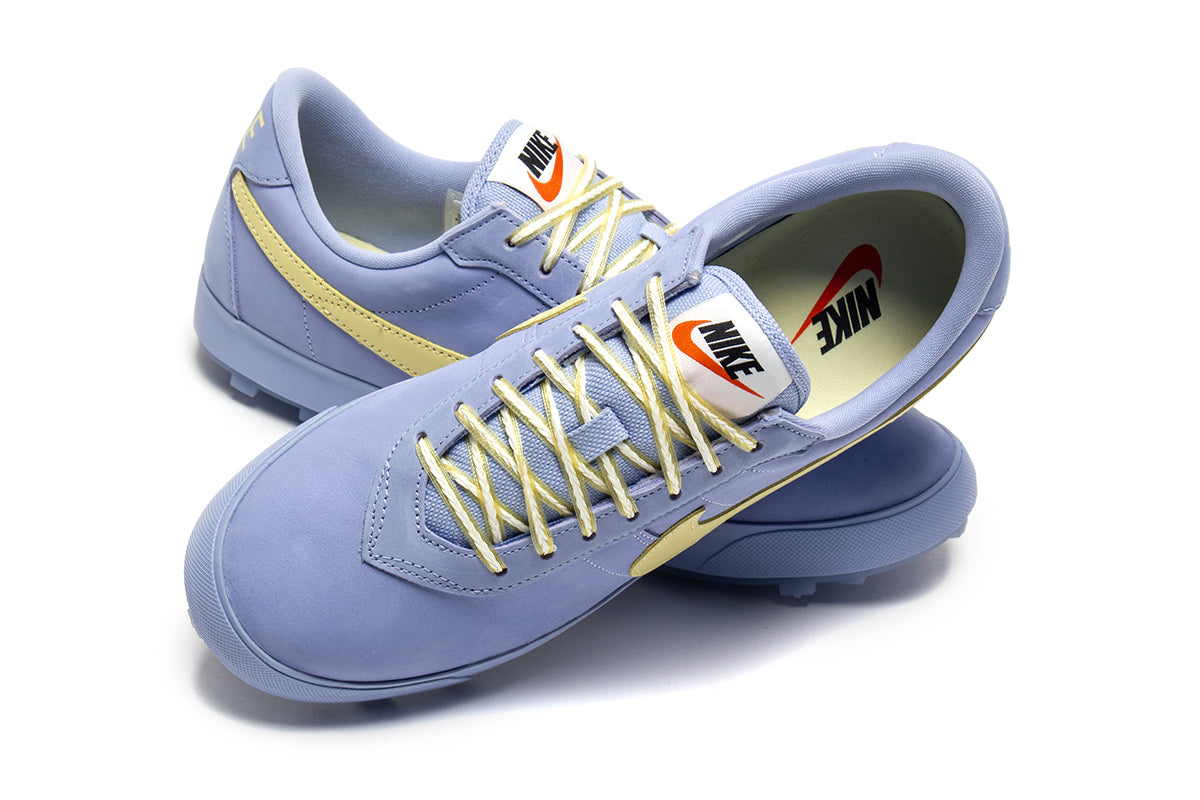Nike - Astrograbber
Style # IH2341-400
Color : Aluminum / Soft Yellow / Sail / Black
==
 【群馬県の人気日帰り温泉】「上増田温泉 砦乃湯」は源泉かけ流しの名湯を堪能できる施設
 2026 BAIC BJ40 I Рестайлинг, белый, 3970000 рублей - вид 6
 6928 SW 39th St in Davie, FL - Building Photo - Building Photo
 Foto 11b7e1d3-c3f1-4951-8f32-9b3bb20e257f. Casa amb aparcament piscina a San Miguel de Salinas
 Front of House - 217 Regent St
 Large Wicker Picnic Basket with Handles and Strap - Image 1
...
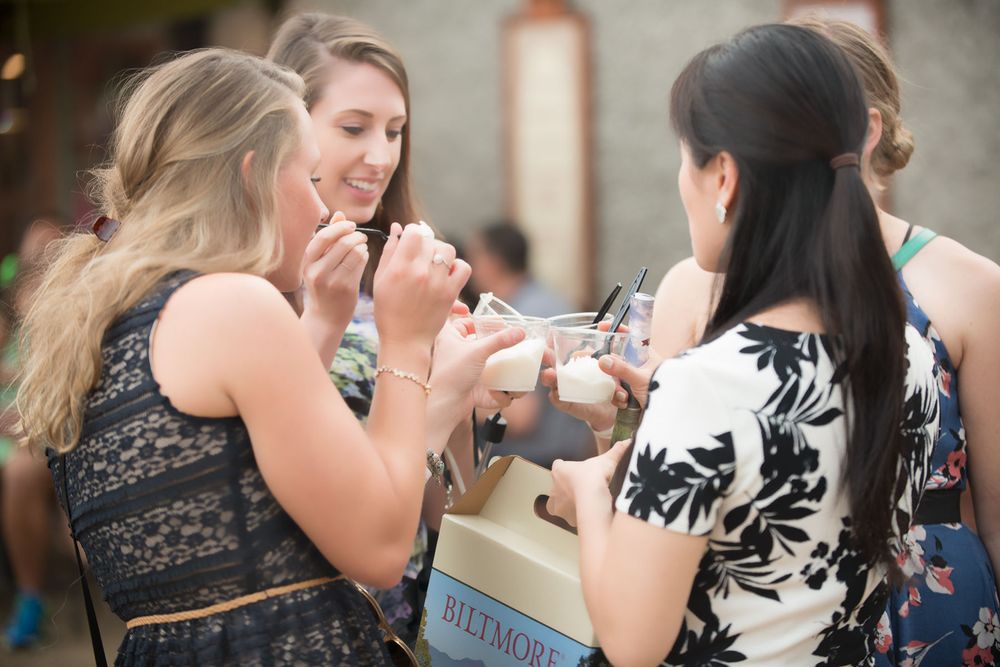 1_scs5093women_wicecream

### WHAT IS NEEDED
Write down again, exactly as given, only the lines above that fall from the line with "Foto 11b7e1d3-c3f1-4951-8f32-9b3bb20e257f. Casa" to the line with "Large Wicker Picnic", inclusive.

### RESPONSE AREA
 Foto 11b7e1d3-c3f1-4951-8f32-9b3bb20e257f. Casa amb aparcament piscina a San Miguel de Salinas
 Front of House - 217 Regent St
 Large Wicker Picnic Basket with Handles and Strap - Image 1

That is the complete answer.